Surviving the Slashdot Effect: Caching Web Traffic with Rails and Cloudflare

So you've got a content-oriented website, maybe your own blog or something, and maybe you've (like me) decided to ignore the advice about using static site generators. You build your Rails site, and it is wonderful and beautiful and dynamic, and every page it replies with delights readers with your artisanally-crafted HTML. Maybe you've got some internal caching (Rails has you covered here), maybe it's all roundtrips to the database. But who cares! Your site is up and receiving traffic!

Then, suddenly, a storm hits. Congratulations! You've made it to the top of Reddit/Slashdot/Hacker News! You now have thousands, if not millions, of people beating down your door to read your content. But now your site is down! The link's comment thread is filling up with complaints about being hugged to death, and a few helpful souls are posting the archive.org equivalent of your link and siphoning away your traffic.

How do we fix this?

You could throw more compute resources at it -- think "scaling vertically/horizontally" -- which I'm sure your server/application host would ab$olutely love.

Or,
you could install some sort of proxy cache in front of it. The traditional answer here is to use nginx or Varnish as a caching proxy, but if you use a content delivery network (such as Cloudflare) it may be better to use that CDN's caching features instead. (Some might recommend using both your own cache and your CDN's cache, but I wouldn't advise this because troubleshooting cache issues is already difficult enough, and having multiple layers only makes debugging even more confusing. If you do this, you should understand your web application thoroughly.)

Since this site is fronted by Cloudflare, I want to make use of its page cache: it's free and comes with the service!
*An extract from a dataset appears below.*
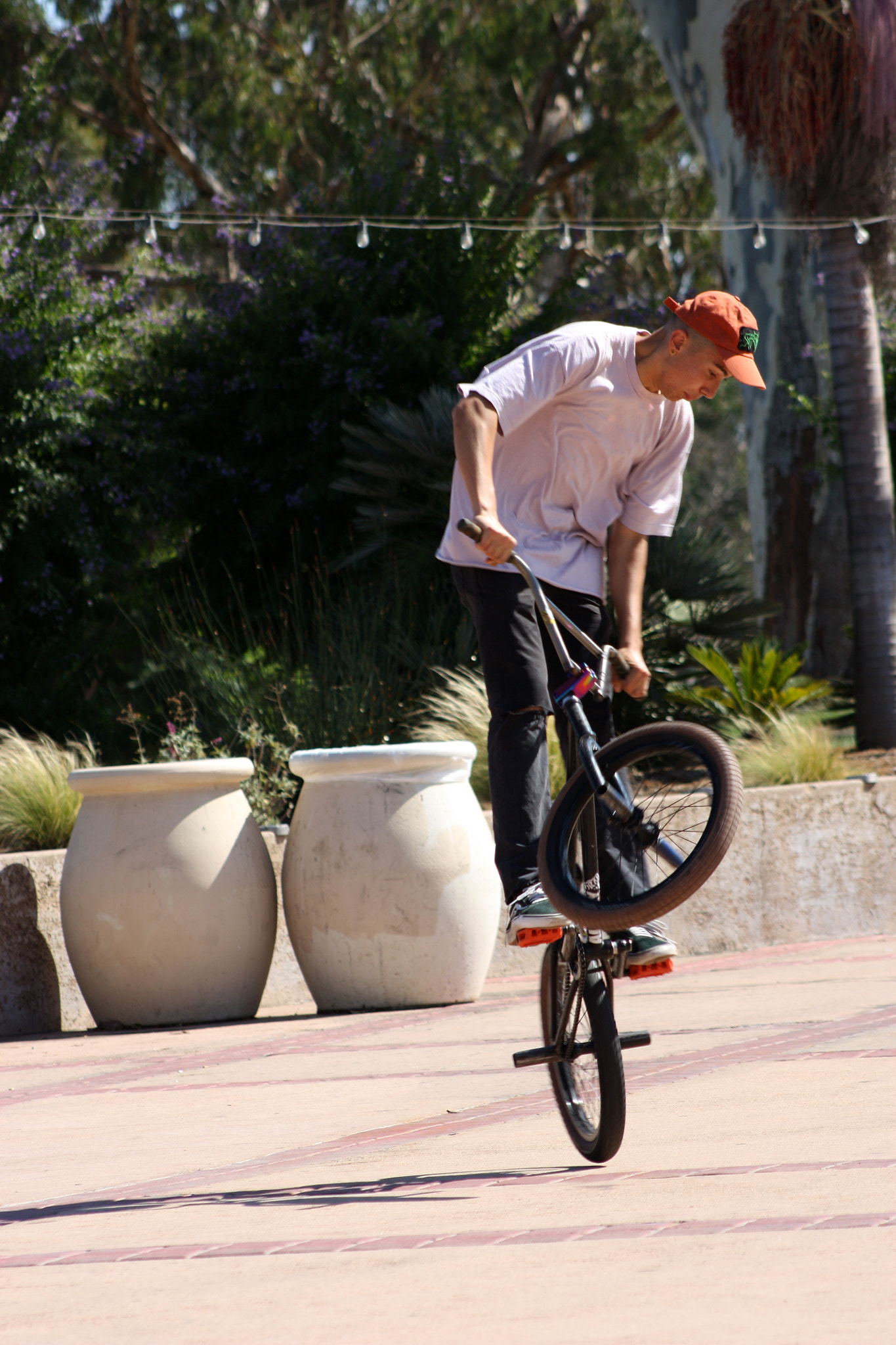 Canon EOS 450D (EOS Rebel XSi / EOS Kiss X2) sample photo. Bike rider photography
However, setting this up is not as simple as it may first appear: in a default configuration, Rails doesn't permit caching (the Cache-Control headers it sends don't allow for it), and as a result, nearly every request you receive bypasses the cache and gets passed directly to the app server. This is a screenshot of my Cloudflare dashboard showing the percentage of page requests cached before I applied the fixes I describe here (those peaks top out at ~10%):

Uh.... that's not very good!


Now, you can set up rules in the Cloudflare dashboard to override Rails' requested caching behavior, but this does not solve the underlying root cause: Rails is requesting no caching, because the Cache-Control request header it sets explicitly forbids it:

Cache-Control: NO CACHE!


Setting the Correct Cache-Control Headers with Rails

NOTE: The directions given here apply to Ruby on Rails version 7, though expires_in and fresh_when have existed since at least version 2, and concerns have been available since version 4.

Luckily, Rails makes changing this behavior fairly simple. We don't even need to really dive into how Cache-Control works! (Though here is a good guide if you want to know.) You simply call the expires_in and/or fresh_when functions in your controller, supplying an expiry and ensuring that you set public to true. Like this:

expires_in 1.hour, public: true
# or
fresh_when(@article, public: true)

However, setting this for every route is both tedious and a pretty egregious violation of DRY. Instead, we can set as much as we can once and then propagate it through our application using either class inheritance or composition (via ActiveSupport's concerns) feature. And while inheritance may be slightly easier, composition is a bit more modern and flexible; here we will be taking the latter approach.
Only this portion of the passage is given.